Instructions for the task: Copy exactly and only the lines running from the one that contains "Sexy blonde escort in Rio de Janeiro." to the final line of the data below, without the pictures.

Pictures with short captions:
BEGIN

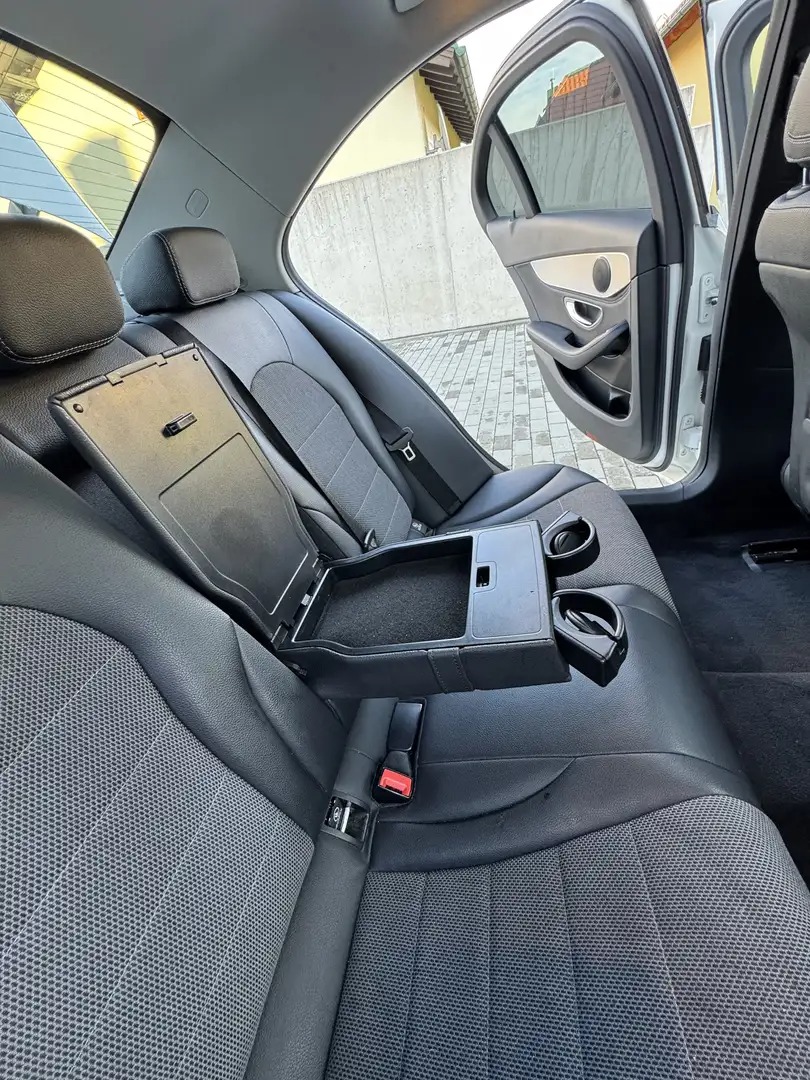 Pojazd #42163 - Mercedes-Benz C 220 d 4MATIC AMG Line 16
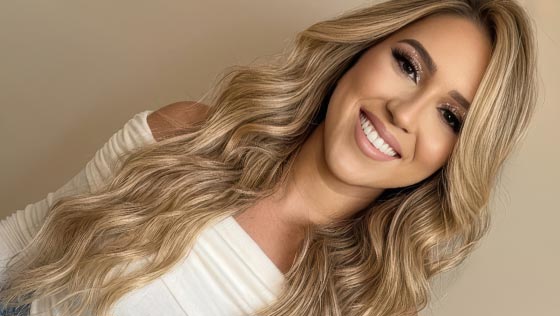 
Sexy blonde escort in Rio de Janeiro.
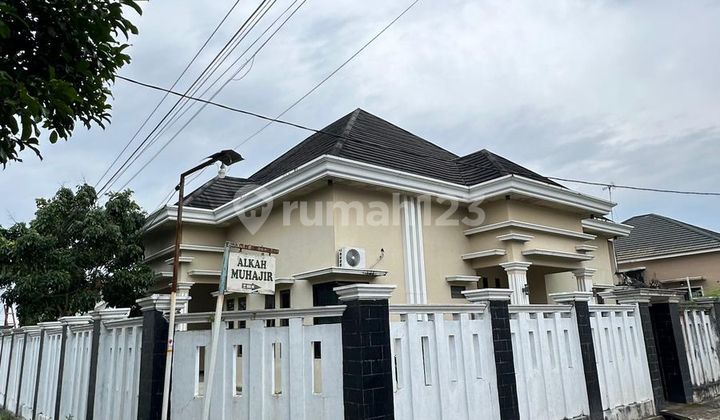 Rumah Mewah Furnished di Indrasari. Sekumpul Banjar 2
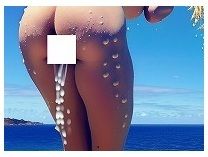 サンプル画像3:失禁写真アート:ごめんなさい、女子トイレ混んでて・・・、外でしちゃうね・・・。快晴の海のおもらしのひとこま、屋外全裸金髪女の立ち小便、爆尿一歩手前、ちょろちょろおしっこ。(EROISM‘s OPP-AI) [d_557672]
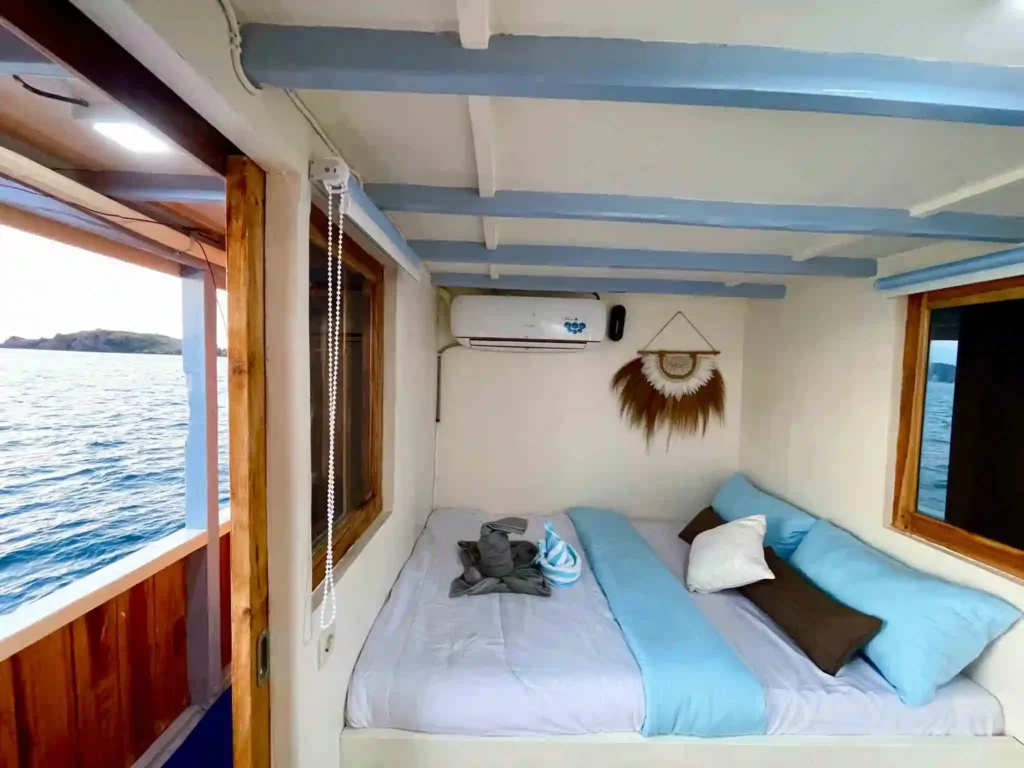 Master Cabin aboard Pandawa phinisi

END

Completed exercise:
Sexy blonde escort in Rio de Janeiro.
 Rumah Mewah Furnished di Indrasari. Sekumpul Banjar 2
 サンプル画像3:失禁写真アート:ごめんなさい、女子トイレ混んでて・・・、外でしちゃうね・・・。快晴の海のおもらしのひとこま、屋外全裸金髪女の立ち小便、爆尿一歩手前、ちょろちょろおしっこ。(EROISM‘s OPP-AI) [d_557672]
 Master Cabin aboard Pandawa phinisi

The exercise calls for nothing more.